Expanding dairy farmers drive interest in TAMS grants (cubicles, bulk tanks, parlours all popular)
Both the new Young Farmers Capital Investment Scheme and the Dairy Equipment Scheme, have been launched in recently as part of the new Targeted Modernisation Schemes (TAMS II) to be launched under the new Rural Development Programme 2014-2020, is now open.
The Young Farmers Capital Investment Scheme offers 60% grant aid to eligible farmers and the Dairy Equipment Scheme, open to all farmers, who meet the general eligibility criteria, offers a standard rate of aid of 40%. For more information on TAMS farm building grants click here
Brady says his consultancy business is working on a significant number applications for interested farmers and has seen both young and more established farmers come though its doors
“We are seeing a lot of interest from dairy guys expanding, both young and old.
“The most common investments are bulk tanks, extra cubicles, slurry storage capacity and parlours,” he said.
In terms of the size of investments, Brady said the projects are ranging from a simple bulk tank replacement to full dairy and animal housing units.
“A small job would just be a bulk tank. However, we have projects which include 100 extra cubicles and slurry storage.

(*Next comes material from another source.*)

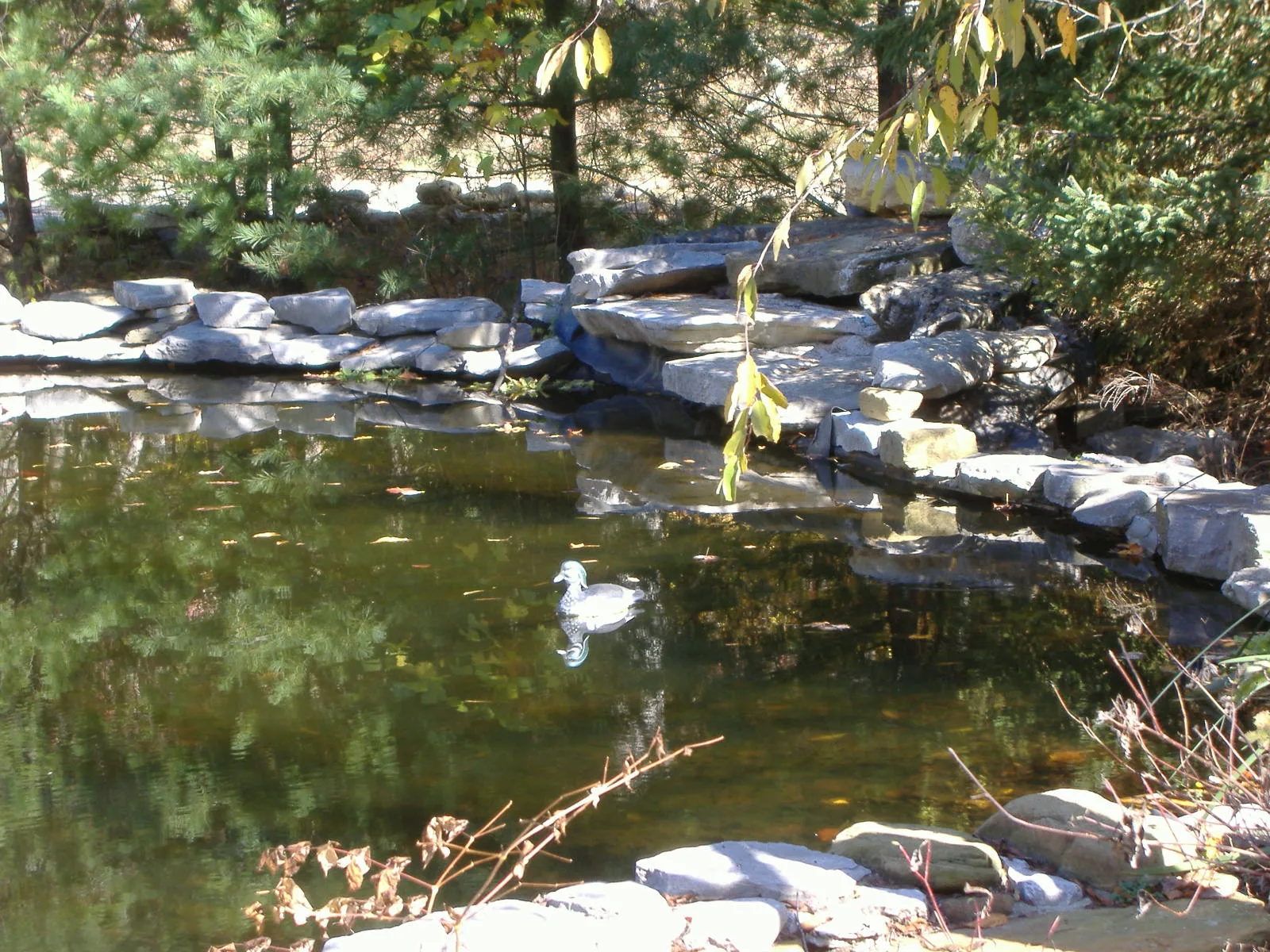 Small pond ringed by flat stones with a white duck on the water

There has also been a number of just straight parlours.
“The biggest investments so far have been over €300,000,” he said.
Concerns have been raised that often grant schemes such as TAMS and its predecessor the Farm Waste Management Scheme see farmers made pay excessive sums of money for work that in an non grant-aided environment may cost much less.
However, according to Brady, this is inevitable when schemes such as TAMS come along.
“Price inflation around grants is inevitable.
“When farmers first talk to a builder first thing they will be asked is if this for the grant or not?
“The result will be two different quotes, that is just the way it is,” he said.
Many farmers decided to miss the boat
Brady also said that he has dealt with a number of farmers who decided to push ahead with their investment last year.
“We had a lot of guys ready to go last year and everybody was waiting for news on the grant.
“A lot of guys just drove on last year without the grant. Guys were receiving good milk at the time and there was little talk that that would change.
“Quotas were going and some guys were just mad to move ahead with their projects,” he said.